FAHRETTİN TUĞRUL (Uşak) - O darbede öldürülenler mektup yazamıyor Sayın Gergerlioğlu.
ÖMER FARUK GERGERLİOĞLU (Kocaeli) - Bakın, Uğur Seldüz, Çorum L Tipi Kapalı Cezaevinden, dikkatle dinleyin. "Askerde tuvalet yıkayan, mıntıka temizleyen bir erdim. Komutanlarım emretti, Atatürk Havalimanı'na gittim. Kimseye zarar vermedim. Darbeyi öğrenince kışlaya döndüm. Savcı daha sonra sanık yaptı, müebbet hapis verdiler. Dosyam Yargıtayda. Bu darbe başarılı olsaydı İstanbul'a vali mi olacaktım? Hayır, yine komutanların tuvaletini temizleyecektim. Ne çıkarım olabilir darbeden? Darbeden bilgim bile yoktu. Sesimizi duyun, duyurun." diyen insanlar bunlar arkadaşlar.
Evet, pek sabretmediniz ama ben size son olarak bir mektup okuyayım. Bu kişi de nasıl gözaltına alındığını açıklayan bir kişi. Cezaevlerinin durumu bu fakat bunlara yönelik bir gelişme yok bu yargı paketinde. Refik Albayrak Manisa T Tipi Kapalı Cezaevinden demiş ki: "Evimi aramaya gelen polisler alt ve üst dairede oturan babam ve abimin evlerini de arama kararı olmaksızın aradı. Evimdeki para da alındı. Dokuz yıl ceza verildi. Küçük kızım şu an yaşananlardan ötürü psikolojik tedavi oluyor, polis görünce korkuyor, infaz koruma memurlarını görünce kaçıyor, ziyaretime bile bu sebepten gelmek istemiyor. Sesimi duyurun."
Bakın, arkadaşlar, evet, bitirdim.
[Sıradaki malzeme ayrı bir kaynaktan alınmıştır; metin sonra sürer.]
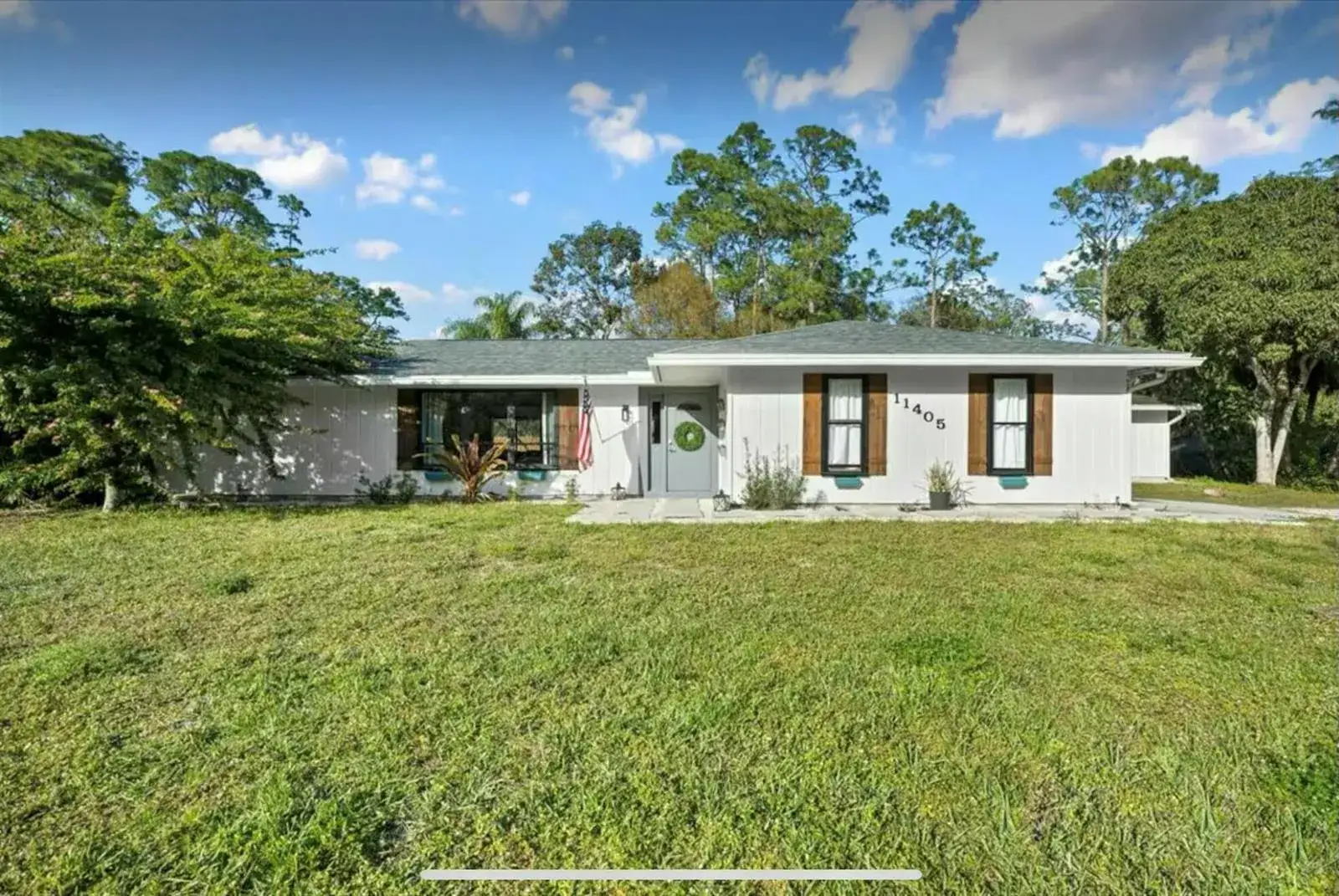 4 bedroom 3 bath Residential Lease for rent at 11405 N 175th Rd Road N, FL 33478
Pek sabretmediniz ama bunlar haksız yere cezaevlerine atılan gariban insanlar. Bu mektupları yazıyorlar milletvekillerine ve kamuoyuna seslerini duyurmak istiyorlar.
BAŞKAN CÜNEYT YÜKSEL - Sayın Gergerlioğlu, toparlayalım lütfen.
ÖMER FARUK GERGERLİOĞLU (Kocaeli) - Ben bu sesleri duyuyorum, sizin de seslerini duymanız için size bu mektupları okuyorum ama sabretmiyorsunuz, duymak istemiyorsunuz. Biz milletvekiliyiz. Bunlar milletin fertleri ve adil olmayan şekilde yargılanıp cezaevlerine atılan erler, gariban çocuklar, Anadolu'nun fakir çocukları. Siz bu insanların yakınlarından oy da alıyorsunuz ama bu çocuklar bu zindanlarda. Ben hiçbir ayrım da yapmıyorum ve ağır bir şekilde adaletsizliğe uğramış insanların sesini duyuruyorum.
Teşekkür ediyorum Sayın Başkanım.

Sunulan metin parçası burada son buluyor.